The rebels are gaining ground, the Syrian army is eroding, and the West seems concerned that the rebels will win without us.

The Syrian rebels seem to have carved out a fragile safe zone along the Turkish border:

In recent months, Syria's rebels have extended control over a large swath of territory in the northeastern [NOTE: northwestern] corner of the country after forcing the army from town after town in a string of bloody street battles.

As a result, for the first time in Syria's 17-month conflict, rebels have a cohesive enclave in which they can move and organize with unprecedented freedom, plus a long stretch of the border with Turkey key for moving out refugees and smuggling in weapons. They also have one official, working border crossing.

The area extends about 50 kilometers (30 miles) south of the Turkish border and from the edge of Idlib province in the west to the cities of al-Bab and Manbaj some 130 kilometers (80 miles) east. Its southern edges reach the outskirts of Aleppo, Syria's largest city and for weeks the scene of heavy battles as regime forces try to uproot rebels who have taken control of several neighborhoods.

The Syrian army may soon lack the ability to move into this remote area (it is outside even my idea of a Core Syria encompassing half the Syrian population) and reassert control.

With the rebels making gains, we may feel the need to help the rebels lest they win without our over help:

U.S. Secretary of State Hillary Clinton said after meeting her Turkish counterpart Ahmet Davutoglu in Istanbul that Washington and Ankara should develop detailed operational planning on ways to assist the rebels fighting to topple Assad.

"Our intelligence services, our military have very important responsibilities and roles to play so we are going to be setting up a working group to do exactly that," she said.

Asked about options such as imposing a no-fly zone over rebel-held territory, Clinton said these were possibilities she and Davutoglu had agreed "need greater in-depth analysis", while indicating that no decisions were necessarily imminent.

That seems to be the working theory in the West:

Germany's spy chief said the Syrian army had been depleted by casualties, deserters and defectors.

"There are a lot of indications that the end game for the regime has begun," said Gerhard Schindler, head of the BND intelligence agency, in an interview with Die Welt newspaper.

"The regular army is being confronted by a variety of flexible fighters. The recipe of their success is their guerrilla tactics.

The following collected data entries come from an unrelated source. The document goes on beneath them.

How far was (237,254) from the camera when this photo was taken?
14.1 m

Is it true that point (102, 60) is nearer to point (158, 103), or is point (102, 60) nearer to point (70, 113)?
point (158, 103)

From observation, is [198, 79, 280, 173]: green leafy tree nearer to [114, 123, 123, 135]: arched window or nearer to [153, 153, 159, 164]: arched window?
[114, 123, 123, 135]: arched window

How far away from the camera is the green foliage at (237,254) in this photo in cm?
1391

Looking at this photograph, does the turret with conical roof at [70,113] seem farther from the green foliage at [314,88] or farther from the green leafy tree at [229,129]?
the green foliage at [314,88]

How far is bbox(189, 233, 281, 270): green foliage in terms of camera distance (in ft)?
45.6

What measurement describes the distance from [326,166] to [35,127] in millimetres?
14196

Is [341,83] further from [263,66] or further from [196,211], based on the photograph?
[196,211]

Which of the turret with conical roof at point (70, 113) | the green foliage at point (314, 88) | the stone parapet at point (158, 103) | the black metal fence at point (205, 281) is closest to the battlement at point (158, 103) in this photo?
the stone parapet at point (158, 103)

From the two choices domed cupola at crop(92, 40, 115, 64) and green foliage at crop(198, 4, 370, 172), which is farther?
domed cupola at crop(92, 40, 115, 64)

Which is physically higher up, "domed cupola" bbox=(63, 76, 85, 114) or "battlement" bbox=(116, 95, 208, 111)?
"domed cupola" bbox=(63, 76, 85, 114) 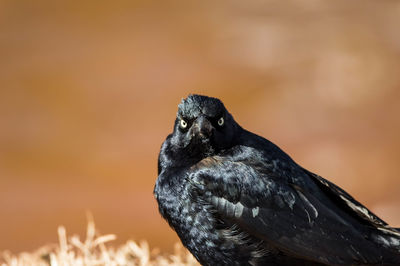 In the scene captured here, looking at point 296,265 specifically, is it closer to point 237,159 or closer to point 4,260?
point 237,159

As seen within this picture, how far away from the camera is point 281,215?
3.61 metres

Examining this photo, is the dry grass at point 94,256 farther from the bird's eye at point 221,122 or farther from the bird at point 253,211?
the bird's eye at point 221,122

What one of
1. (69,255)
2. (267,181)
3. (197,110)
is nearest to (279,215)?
(267,181)

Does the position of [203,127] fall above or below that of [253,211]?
above

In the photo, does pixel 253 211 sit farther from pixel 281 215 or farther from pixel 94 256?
pixel 94 256

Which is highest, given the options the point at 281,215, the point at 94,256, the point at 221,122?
the point at 221,122

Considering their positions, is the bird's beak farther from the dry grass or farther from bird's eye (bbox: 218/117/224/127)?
the dry grass

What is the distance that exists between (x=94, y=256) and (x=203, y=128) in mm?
1362

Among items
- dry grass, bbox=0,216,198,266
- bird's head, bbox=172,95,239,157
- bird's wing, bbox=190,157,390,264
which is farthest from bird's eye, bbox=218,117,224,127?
dry grass, bbox=0,216,198,266

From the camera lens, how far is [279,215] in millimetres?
3604

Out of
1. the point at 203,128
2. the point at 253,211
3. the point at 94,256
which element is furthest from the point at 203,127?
the point at 94,256

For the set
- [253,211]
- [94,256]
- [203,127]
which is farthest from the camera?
[94,256]

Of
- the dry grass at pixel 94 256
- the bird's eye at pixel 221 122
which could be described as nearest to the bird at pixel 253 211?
the bird's eye at pixel 221 122

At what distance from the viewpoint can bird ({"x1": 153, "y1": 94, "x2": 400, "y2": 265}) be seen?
3586 mm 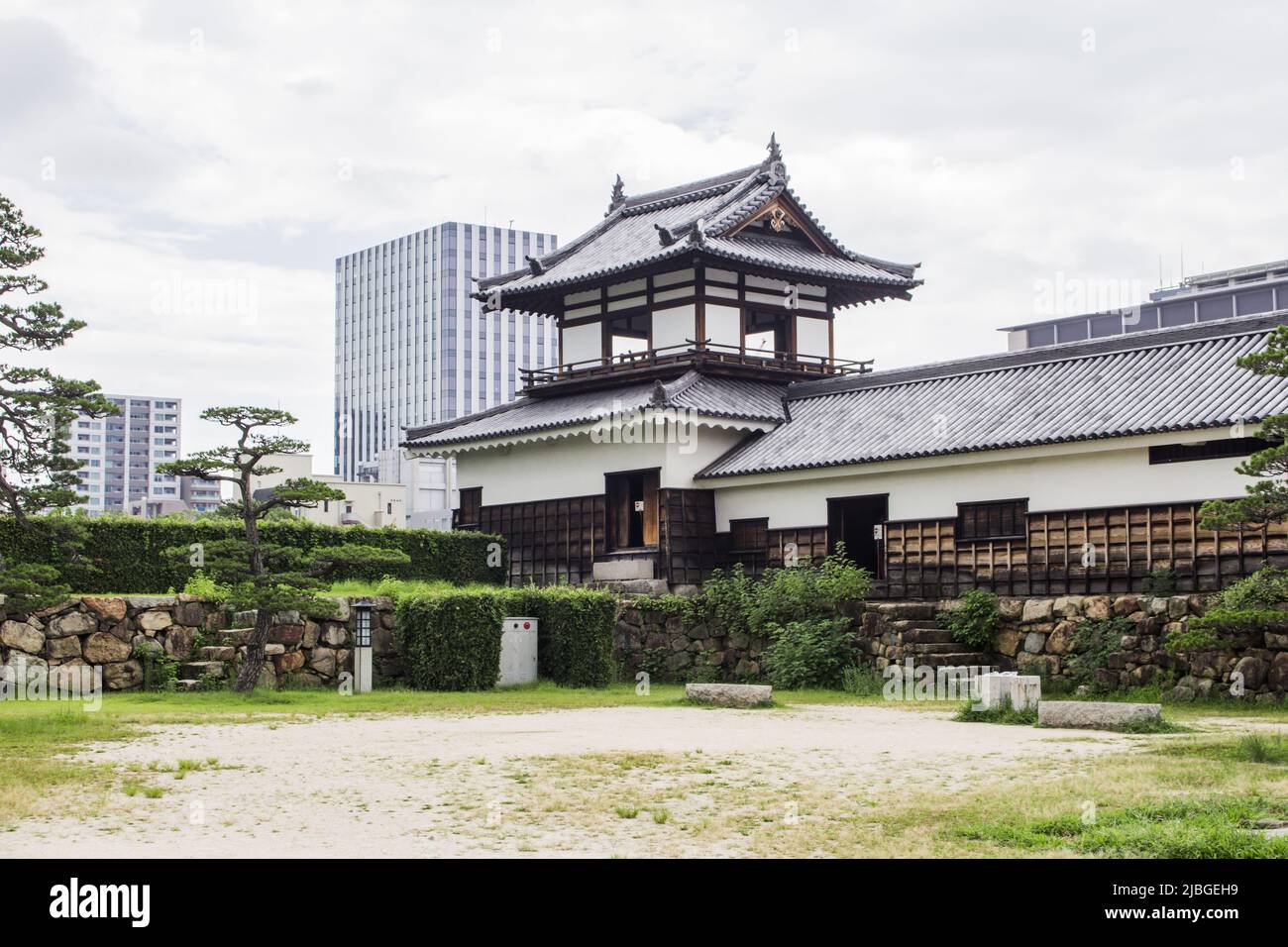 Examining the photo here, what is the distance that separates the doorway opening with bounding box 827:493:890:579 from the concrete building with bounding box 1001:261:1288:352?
3671cm

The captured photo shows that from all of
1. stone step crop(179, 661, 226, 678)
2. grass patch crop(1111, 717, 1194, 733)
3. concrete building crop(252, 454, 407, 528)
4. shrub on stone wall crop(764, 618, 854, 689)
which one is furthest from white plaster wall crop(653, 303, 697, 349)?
concrete building crop(252, 454, 407, 528)

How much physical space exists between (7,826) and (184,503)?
110200 millimetres

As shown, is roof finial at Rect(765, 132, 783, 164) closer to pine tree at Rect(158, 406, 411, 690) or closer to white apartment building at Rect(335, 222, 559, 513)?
pine tree at Rect(158, 406, 411, 690)

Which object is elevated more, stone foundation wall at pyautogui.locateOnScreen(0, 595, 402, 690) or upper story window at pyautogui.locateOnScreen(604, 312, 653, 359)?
upper story window at pyautogui.locateOnScreen(604, 312, 653, 359)

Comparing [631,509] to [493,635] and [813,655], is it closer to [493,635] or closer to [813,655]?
[813,655]

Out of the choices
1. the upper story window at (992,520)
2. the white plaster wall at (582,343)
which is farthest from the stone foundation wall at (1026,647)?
the white plaster wall at (582,343)

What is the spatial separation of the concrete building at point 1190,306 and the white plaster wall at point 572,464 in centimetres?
3624

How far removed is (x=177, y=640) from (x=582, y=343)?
17878mm

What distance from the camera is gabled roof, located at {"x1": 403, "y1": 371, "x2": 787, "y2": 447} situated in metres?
35.2

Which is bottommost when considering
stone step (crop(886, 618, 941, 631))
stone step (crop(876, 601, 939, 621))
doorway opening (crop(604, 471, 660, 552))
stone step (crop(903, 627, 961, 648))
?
stone step (crop(903, 627, 961, 648))

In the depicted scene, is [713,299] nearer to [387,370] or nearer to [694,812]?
[694,812]

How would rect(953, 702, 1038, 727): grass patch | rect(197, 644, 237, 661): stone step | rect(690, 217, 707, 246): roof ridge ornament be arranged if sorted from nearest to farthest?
rect(953, 702, 1038, 727): grass patch, rect(197, 644, 237, 661): stone step, rect(690, 217, 707, 246): roof ridge ornament

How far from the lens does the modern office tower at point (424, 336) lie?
16125 cm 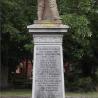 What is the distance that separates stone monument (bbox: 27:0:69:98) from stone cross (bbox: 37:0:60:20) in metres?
0.37

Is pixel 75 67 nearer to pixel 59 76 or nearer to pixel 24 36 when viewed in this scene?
pixel 24 36

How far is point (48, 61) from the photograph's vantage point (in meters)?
14.0

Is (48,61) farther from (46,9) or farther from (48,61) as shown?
(46,9)

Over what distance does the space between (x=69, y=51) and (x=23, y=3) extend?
15.3 feet

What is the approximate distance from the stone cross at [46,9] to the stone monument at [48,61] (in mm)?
368

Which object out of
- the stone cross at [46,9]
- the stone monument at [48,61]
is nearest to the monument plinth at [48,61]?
the stone monument at [48,61]

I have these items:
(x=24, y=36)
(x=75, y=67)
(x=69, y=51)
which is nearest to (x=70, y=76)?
(x=75, y=67)

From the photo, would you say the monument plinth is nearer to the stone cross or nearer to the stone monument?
the stone monument

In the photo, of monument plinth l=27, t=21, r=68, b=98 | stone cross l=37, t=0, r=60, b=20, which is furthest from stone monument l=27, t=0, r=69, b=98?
stone cross l=37, t=0, r=60, b=20

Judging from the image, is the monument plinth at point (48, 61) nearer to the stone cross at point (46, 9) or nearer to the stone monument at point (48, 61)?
the stone monument at point (48, 61)

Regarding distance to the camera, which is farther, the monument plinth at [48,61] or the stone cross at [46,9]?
the stone cross at [46,9]

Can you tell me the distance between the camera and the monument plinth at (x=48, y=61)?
45.5ft

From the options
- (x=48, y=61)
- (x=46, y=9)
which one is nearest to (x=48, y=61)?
(x=48, y=61)

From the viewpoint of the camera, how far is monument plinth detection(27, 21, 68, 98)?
13867mm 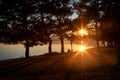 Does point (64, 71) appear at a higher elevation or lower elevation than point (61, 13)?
lower

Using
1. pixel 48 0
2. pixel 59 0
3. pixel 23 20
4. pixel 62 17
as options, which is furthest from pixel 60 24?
pixel 23 20

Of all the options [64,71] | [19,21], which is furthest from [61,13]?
[64,71]

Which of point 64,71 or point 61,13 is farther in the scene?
point 61,13

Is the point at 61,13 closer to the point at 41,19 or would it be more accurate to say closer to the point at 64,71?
the point at 41,19

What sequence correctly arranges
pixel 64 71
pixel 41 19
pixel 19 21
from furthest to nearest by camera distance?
pixel 41 19, pixel 19 21, pixel 64 71

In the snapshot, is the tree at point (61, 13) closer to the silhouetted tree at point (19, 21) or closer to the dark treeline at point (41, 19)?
the dark treeline at point (41, 19)

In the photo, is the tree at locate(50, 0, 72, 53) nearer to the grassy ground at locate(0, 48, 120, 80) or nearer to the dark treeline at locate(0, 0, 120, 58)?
the dark treeline at locate(0, 0, 120, 58)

They're breaking the army's back."

So the Syrian rebels are wearing out the Syrian army.

As an aside, remember that our Army and Marine Corps defeated guerrilla tactics. Like I've said, the Syrian army just isn't that good.

But as the Syrian army erodes and the Assad regime considers doing something drastic to change the course of events, we are worrying about worst cases:

U.S. Secretary of State Hillary Rodham Clinton and Turkey's foreign minister said Saturday that their countries are creating a formal structure to plan for worst-case scenarios in Syria, including a possible chemical weapons attack on regime opponents.

Of course, plans to move in and secure chemical weapons depots could be used for moving troops in generally.

Still, let's not forget that the real worst case scenario would have been Assad winning the war against his people and remaining a tool of Syria and ally of Russia.

Fortunately the Syrian resistance managed to get to this stage on their own.

UPDATE: Whoa. Assad even lost the tyrant-friendly OIC:

Foreign ministers at a meeting of the Organisation of Islamic Cooperation (OIC) agreed on Monday to suspend Syria from the international body, an OIC source said, further isolating President Bashar al-Assad.

Iran remains firmly in Assad's corner.

Russia seems shaky but is it just for show? Or is Russia backing Assad despite trying to position themselves in case they need to suck up to the rebels?

And what is China's game? Are they still in Assad's corner or are they assuming Assad is toast?